N° 535

SÉNAT

SESSION ORDINAIRE DE 2019-2020

Enregistré à la Présidence du Sénat le 17 juin 2020

RAPPORT D'INFORMATION

FAIT

au nom de la commission des affaires économiques (1) sur le plan de relance de la commission des affaires économiques ,

Tome V : Industrie

« Pour une relance industrielle stratégique »

Par M. Alain CHATILLON, Mme Valérie LÉTARD et M. Martial BOURQUIN*

Sénateurs

* Le mandat de M. Martial BOURQUIN a pris fin le 15 juin 2020.

(1) Cette commission est composée de : Mme Sophie Primas, présidente ; Mme Élisabeth Lamure, MM. Daniel Gremillet, Alain Chatillon, Franck Montaugé, Mmes Anne-Catherine Loisier, Noëlle Rauscent, Cécile Cukierman, M. Jean-Pierre Decool, vice-présidents ; MM. François Calvet, Daniel Laurent, Mmes Catherine Procaccia, Viviane Artigalas, Valérie Létard, secrétaires ; M. Serge Babary, Mme Anne-Marie Bertrand, MM. Yves Bouloux, Bernard Buis, Henri Cabanel, Mmes Anne Chain-Larché, Marie-Christine Chauvin, Catherine Conconne, Agnès Constant, MM. Roland Courteau, Pierre Cuypers, Marc Daunis, Daniel Dubois, Laurent Duplomb, Alain Duran, Mmes Dominique Estrosi Sassone, Françoise Férat, M. Fabien Gay, Mme Annie Guillemot, MM. Jean-Marie Janssens, Joël Labbé, Mme Marie-Noëlle Lienemann, MM. Pierre Louault, Michel Magras, Jean-François Mayet, Franck Menonville, Jean-Pierre Moga, Mmes Patricia Morhet-Richaud, Sylviane Noël, Guylène Pantel, MM. Jackie Pierre, Michel Raison, Mmes Évelyne Renaud-Garabedian, Denise Saint-Pé, Patricia Schillinger, M. Jean-Claude Tissot.

L'ESSENTIEL

La crise soudaine, mais durable, qui a frappé la France au mois de mars dernier est un rappel à l'ordre : la désindustrialisation progressive du territoire français a fragilisé non seulement son économie, mais aussi sa souveraineté. Le plan de relance de l'État devra donc, au-delà d'un simple choc de demande, traduire une véritable réflexion stratégique sur les capacités nationales et l'avenir des filières .

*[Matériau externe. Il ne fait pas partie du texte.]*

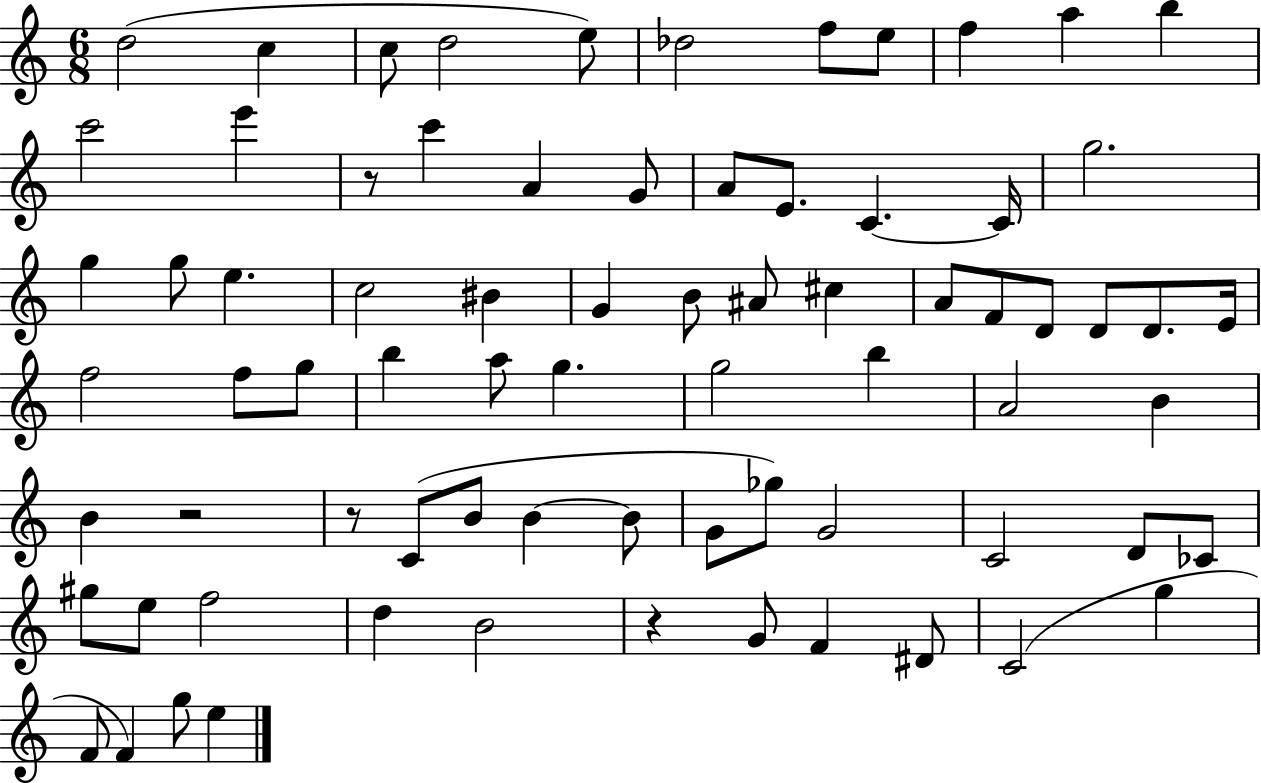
X:1
T:Untitled
M:6/8
L:1/4
K:C
d2 c c/2 d2 e/2 _d2 f/2 e/2 f a b c'2 e' z/2 c' A G/2 A/2 E/2 C C/4 g2 g g/2 e c2 ^B G B/2 ^A/2 ^c A/2 F/2 D/2 D/2 D/2 E/4 f2 f/2 g/2 b a/2 g g2 b A2 B B z2 z/2 C/2 B/2 B B/2 G/2 _g/2 G2 C2 D/2 _C/2 ^g/2 e/2 f2 d B2 z G/2 F ^D/2 C2 g F/2 F g/2 e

I. LA CRISE EXACERBE LES DÉFIS DE L'INDUSTRIE FRANÇAISE

- 24 %
d'activité industrielle au mois de mai 2020 par rapport au mois de mai 2019

L'arrêt soudain de la vie économique lié à la situation sanitaire et aux mesures de confinement s'est traduit en quelques jours par une baisse de moitié de l'activité industrielle française (- 52 % en mars selon l'INSEE). Bien que les entreprises aient désormais, dans leur ensemble, retrouvé un niveau d'activité de 80 % environ, l'avenir n'en est pas moins incertain.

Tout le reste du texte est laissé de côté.